Molly: Rilke talks about love as two whole and complete humans honoring each other’s distinct selves. And it's that communication, love and respect and love can mean so many different things, but I think it's actively caring for each other but honoring each other’s distinct wholeness. Because it's not melding into one.
I wanted these partnerships and relationships to be mine and to have plenty of solitude for myself built into the fabric of it.
LL: Okay, I ‘ve been dancing around it. But let’s talk about sex. There's a huge orgasm gap in America. And your book is full of you having complicated, boring, and amazing sex. And I thought it was powerful that you were going out and you were getting your very sexual needs met, but also it was changing how you and your husband had sex, because you were both now having these experiences.
Molly: Yes, there's a lot of sex in the book, but it's a lot of bad sex in the first half.
Also, for me and a lot of women, we were taught that all sex is kind of an obligation that men will get. I grew up thinking blue balls was real. I really did. I mean, it's embarrassing now, but all the way through college, I thought blue balls was this horrible, painful thing I could do to a man.
But eventually, I realized, sex is not a community service. I don’t have to have sex with every man who wants to have sex with me.
LL: But I don't think it's an accident when we feel this way. We teach women that we have an expiration date on our looks, on our reproductive functions. And we have a culture that says when you're dried up, nobody wants you. When you're old, nobody wants you. If you're fat, nobody wants you. If you have gray hair, nobody wants you. And actually the opposite is true.

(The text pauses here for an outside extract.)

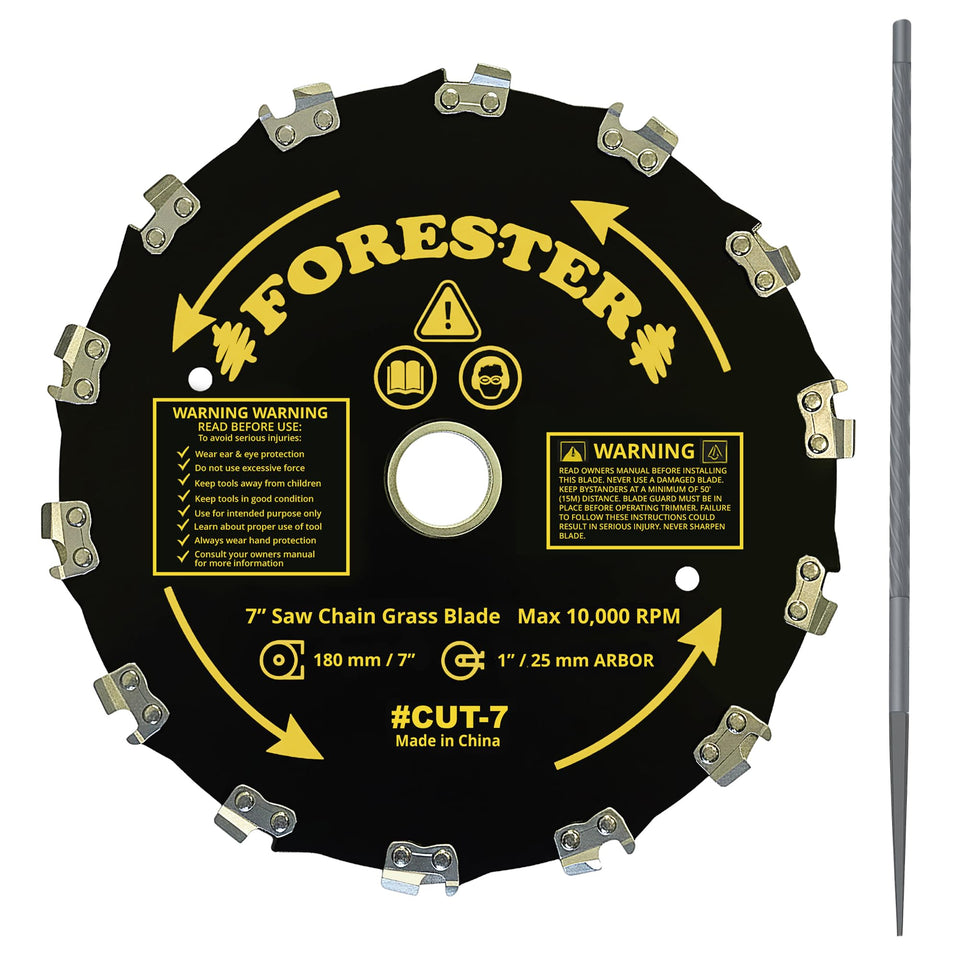 FORESTER blade close-up showing 14 teeth for fast clearing.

Molly: I don't want to call it a myth. I also think that I have friends who have a much lower libido or vaginal dryness or things like that. But I also think that because of the kind of sexual exploration I did and the discoveries of how my mind and my soul have to be cared for my body to show up, I now don't have bad sex because I won't have bad sex.
Now, I will only have connected sex with people that care for me and know how to please me.
I spent two decades having babies with a husband who used sex as blackmail. ( I.e. I’ll stop being a bastard to you and the kids when you let me fuck you. )
The sexual freedom came during and after the divorce. It took releasing my rage to fuel the courage it took to blow the marriage and ‘ happy Catholic family’ apart. Then feel guilty about it still 23 years later.
I had several monogamous and non monogamous relationships after. OMG I loved the sexual discoveries, the touching, affection, intimacy( both physical and emotional) and bliss my body craved for so long. And some of the guys definitely had some assholedness going on ( none of the women did. All those experiences were lovely). But the freedom to choose, to drop inhibitions, to crawl out from under the cover of shame, to grow into new found respect for my body, my sexual self, my womanhood, giving myself permission to meet my needs... I was 43. I’m 66 now in a relaxed relationship with a much younger man.
I have grown kids and have dabbled in conversations about my sexuality with a few of them but there is still fear of rejection when I think about opening up to them about that ‘wild’ time in my life.
I love the vulnerability in this interview. Maybe someday I’ll write a memoir about that time in my life. Right now it’s showing up in characters in my novel. 😉
I also feel that “I don’t have bad sex because I won’t have bad sex” belongs on a tee shirt!